Hello, first post here.

When I purchased my house a few years ago there was an outlet in the guest bath that never worked.  It did have a GFCI sticker indicator on it, but not the GFCI reset.  I used one of those $3 outlet testers (probe in ground plug and hot side) and it, rather unsurprisingly, didn't light up.  According to the breaker panel, this circuit is shared with a guest bedroom directly across the hallway.  I tested all of the outlets in the bedroom, they are all functioning properly.  I'm not sure which outlet is the last outlet in the chain prior to going to the bathroom.  Also, I'm not sure how this outlet had GFCI protection as I haven't ever found a reset for it (maybe it was just the sticker and no protection ).  

Anyways, I wanted to get some advice as to next steps in fixing this outlet.  I feel very comfortable with installing a new outlet w/ GFCI, if needed.  Is there a standard for electrical wire for the run (house was built in 1995)?  Can I run the wire through the attic?  It appears the previous run of wire went under the floor, so that's not going to work for me...  I've also heard that putting two GFCIs in the circuit is a bad thing, is there a way to determine if there is GFCI protection on the line easily?

As far as materials go, here's my list so far..
1) New outlet with GFCI (if required)
2) New faceplate to accomodate GFCI reset
3) New junction box for existing work to mount the outlet in
4) Wire nuts
5) Wire for the run (if I can go from the outlet closest, it will be approximately 15 feet including the vertical run into the attic)


----------



## handyguys (Mar 18, 2009)

Most likely you DO have a GFCI ahead of that outlet. They can be in weird places.

Look in: Kitchen, another bathroom, garage, outside outlets, basement. Make sure you move furniture to look behind, look behind bushes outside. I'll bet a dollar you will find one.

If you run a new wire to the outlet location what will you do with the old line? You cant just tape it off and shove it in the wall. What happens when someone else finds the GFCI and resets it. Now you have a hot wire in the wall.

It could be possible you also have a GFCI built into a circuit breaker. 

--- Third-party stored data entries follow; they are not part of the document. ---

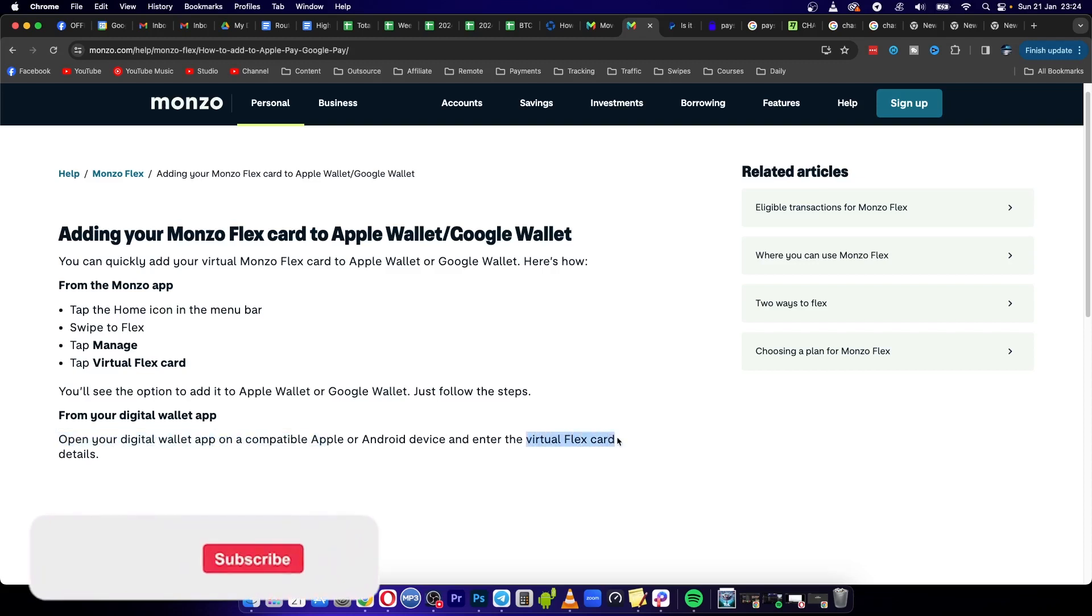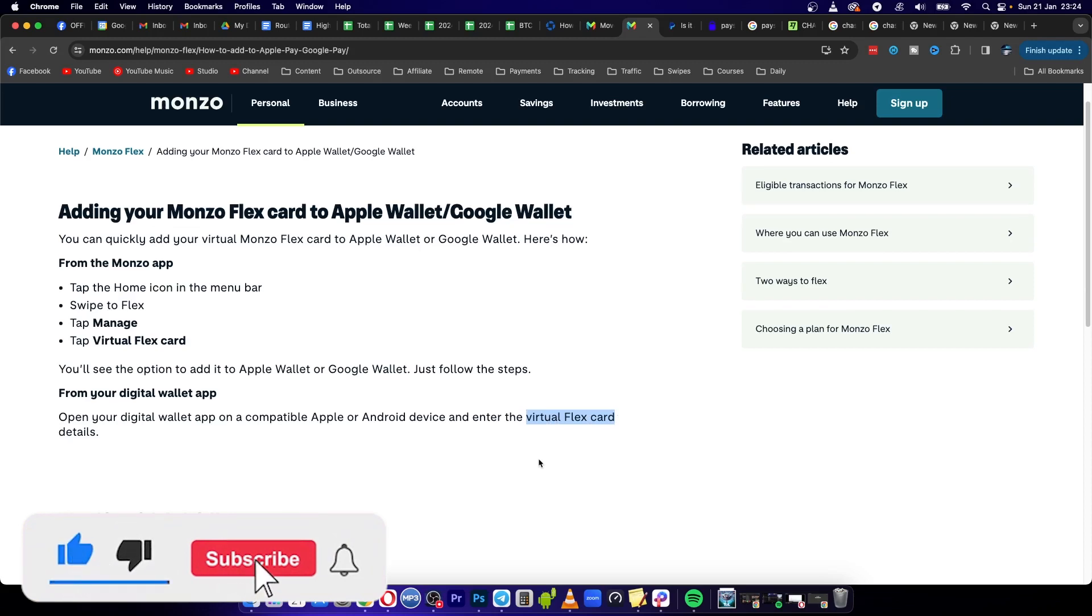So that's your Monzo virtual Flex card, and that's it. If this video helped you out, drop a like on it and I'll see you in the next video.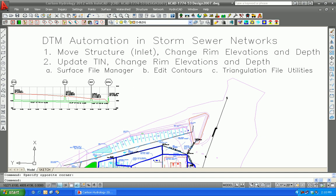The Storm Sewer Network program has automated linkages to the TIN file or the DTM. There are two major distinct types of linkages. One is if you have an existing TIN associated with your Storm Sewer Network design — if you move a structure, the rim elevations will change according to the new position and so will the depth of the structure of the inlet. Also, if you update or alter the TIN itself and keep things in the same location, rim elevations and depths will change. There are three types of TIN updates we'll illustrate here: one is through the Surface File Manager, another is the classic Edit Contours command, and also Triangulation File Utilities.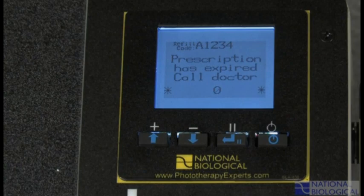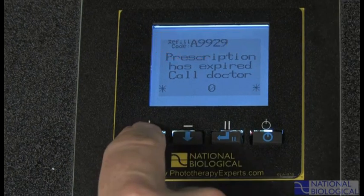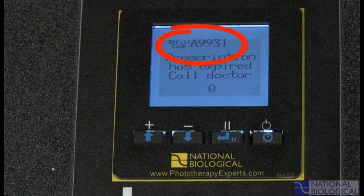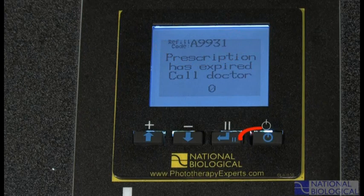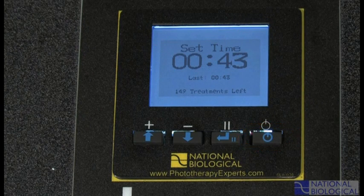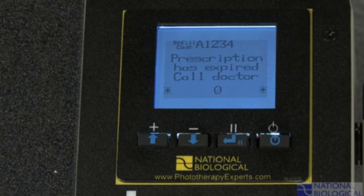When you call your doctor for more treatments, you'll need to provide the expiring refill code found at the top of the call doctor screen. From the call doctor screen, use the up and down arrows until the new refill code is displayed, then press on. The set time screen should display. If you still see a call doctor or expired prescription screen, check that the refill code entered was correct. If you still have trouble, contact your doctor to have your refill code verified or to have another refill code issued.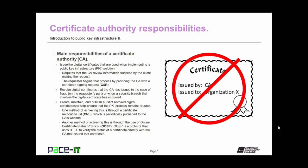The other main responsibility of the CA is the revocation of digital certificates in the case of fraud on the requester's part, or when a security breach has occurred involving the digital certificates it has issued. The Certificate Authority creates, maintains, and publishes a list of revoked digital certificates to help ensure that the PKI process remains trusted. One method is through a Certificate Revocation List, also known as a CRL, which is periodically published to the Certificate Authority's website. Another method is through the Online Certificate Status Protocol, or OCSP, which uses HTTP to verify the status of a certificate directly with the issuing Certificate Authority.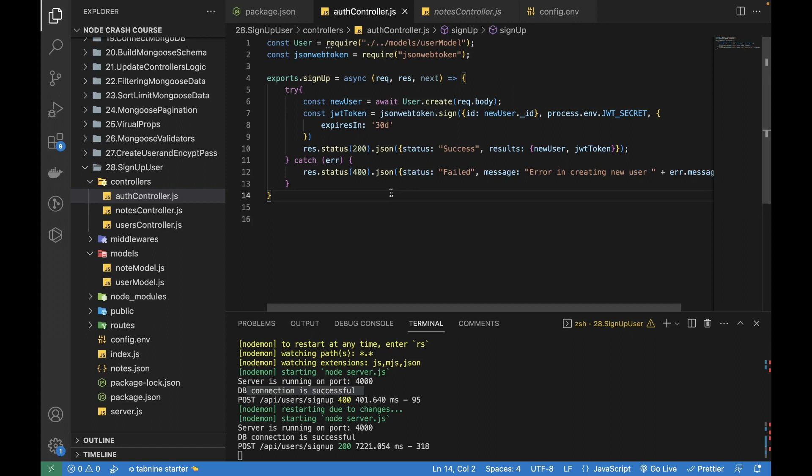In this video we just talked about setting up our signup controller route. In the next video we will talk further about the login mechanism, how we can use the JWT token that we have generated here. That is a bit more tricky than the signup actually. Thank you so much for watching, see you in the next video.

Or, if your label is correct inside the panel its also possible a GFCI in there feeds your non-working outlet. If that GFCI works it could be a bad connection on that GFCI or on your non-functioning outlet.

I would do more troubleshooting before you go down the re-wire route, its probably not necessary. Good luck, let us know what you find.


----------



## triple D (Mar 20, 2009)

Look in all the bathrooms, by the sinks, and see if there is a gfi plug at any of them. If there is push the test button, then reset, see if this gets the other plug working. Also are the other bathrooms working? If not then look near panel in garage, and see if there is a gfi looking plug with no place to plug something in to it. In the time your home was built, the only thing that could be was a dedicated 20amp breaker, labeled bathroom plugs. And it can only go to plugs in baths. So let us know what you find. Good luck....


----------



## JoeD (Mar 20, 2009)

If the house was built in 95 then the actual GFCI rectacle should be in another bathroom.


----------